Source information START
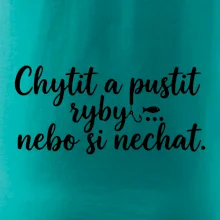 Chytit a pustit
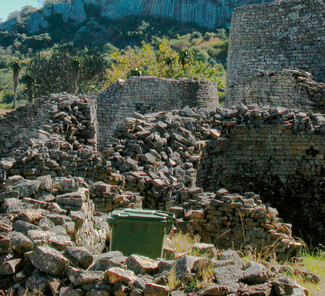 Groß-Simbabwe-Ruinen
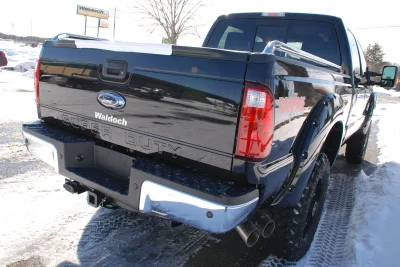 SHADOW BLACK - 2020 FORD F-250 RAMPAGE - Image 11 of 15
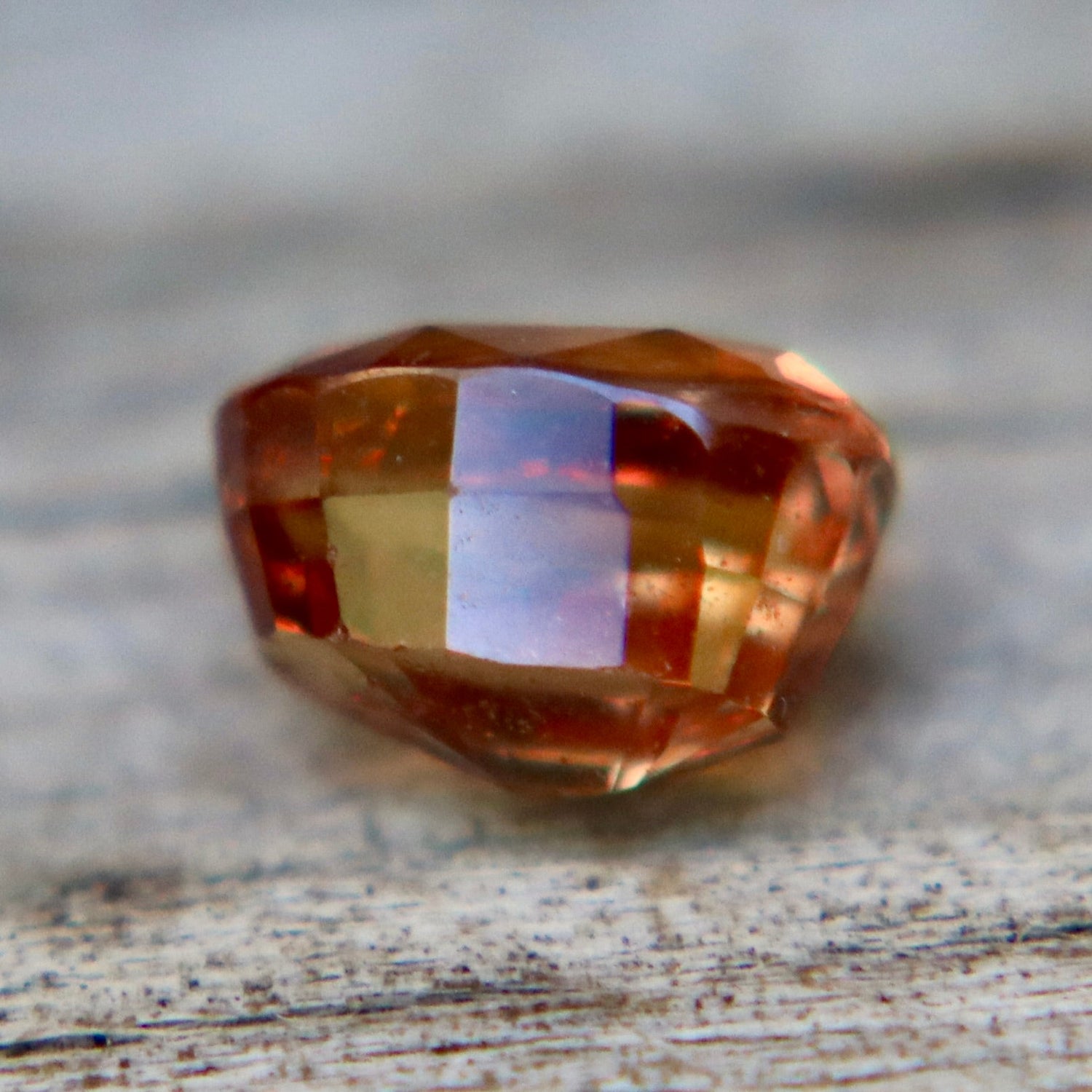 Natural Padparadscha Sapphire 0.98 Carat Oval Cut Unheated Ceylon Gemstone - Sapphirepal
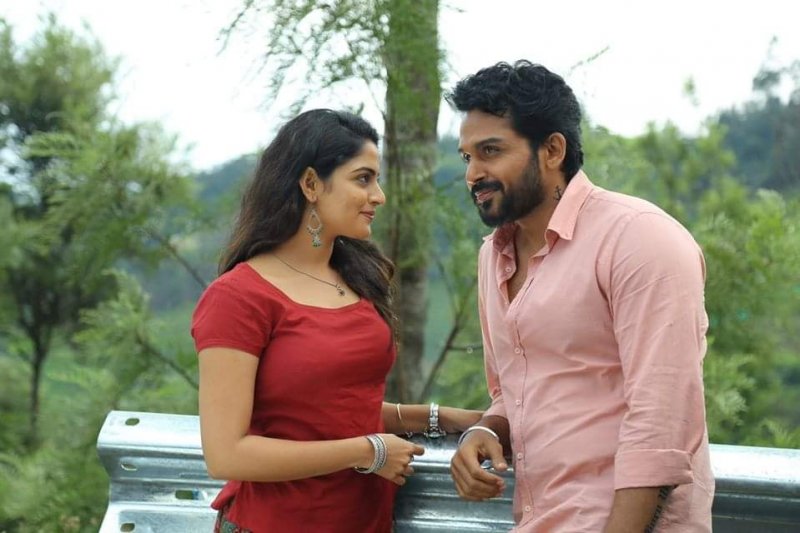 Nikhila Vimal Karthi In Thambi Movie 494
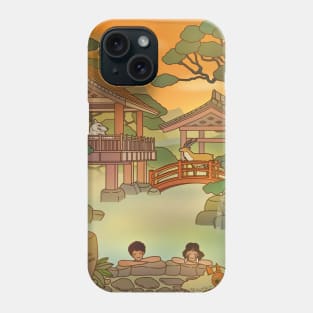 Hot Spring Date Phone Case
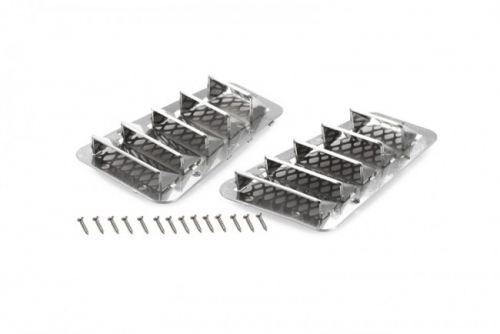 입체형 메탈 펜더 벤트 SCALE ACCESSORIES: METAL FENDER VENT (STYLE B) -16PC ZSP043-S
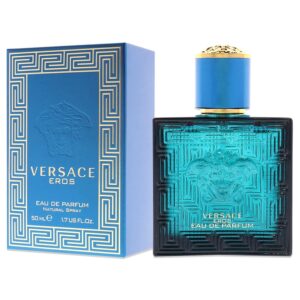 Versace Eros Eau De Parfum Spray Spray for Men 1.7 Ounce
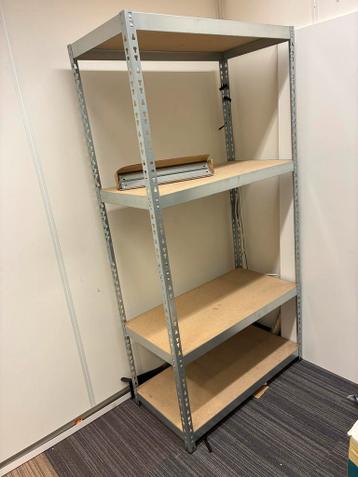 Gratis ophalen Handson Stellingkast Metaal - Gebruikt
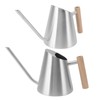Watering Can with Long Spout Rustproof Stainless Steel Watering Pot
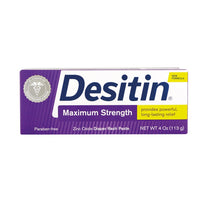 Desitin Diaper Rash Maximum Strength Paste 4 Ounce tube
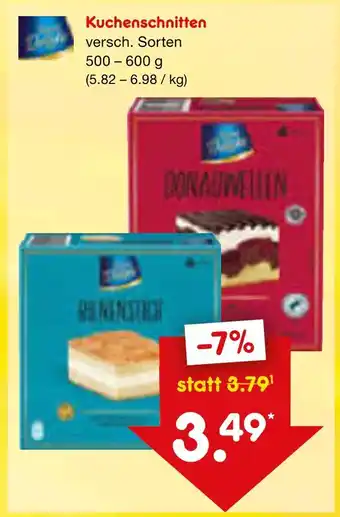 Netto Marken-Discount Kuchenschnitten Angebot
Source information END
• Exercise brief
Repeat the listing verbatim without its pictures.

• Result for this exercise
 Chytit a pustit
 Groß-Simbabwe-Ruinen
 SHADOW BLACK - 2020 FORD F-250 RAMPAGE - Image 11 of 15
 Natural Padparadscha Sapphire 0.98 Carat Oval Cut Unheated Ceylon Gemstone - Sapphirepal
 Nikhila Vimal Karthi In Thambi Movie 494
 Hot Spring Date Phone Case
 입체형 메탈 펜더 벤트 SCALE ACCESSORIES: METAL FENDER VENT (STYLE B) -16PC ZSP043-S
 Versace Eros Eau De Parfum Spray Spray for Men 1.7 Ounce
 Gratis ophalen Handson Stellingkast Metaal - Gebruikt
Watering Can with Long Spout Rustproof Stainless Steel Watering Pot
 Desitin Diaper Rash Maximum Strength Paste 4 Ounce tube
 Netto Marken-Discount Kuchenschnitten Angebot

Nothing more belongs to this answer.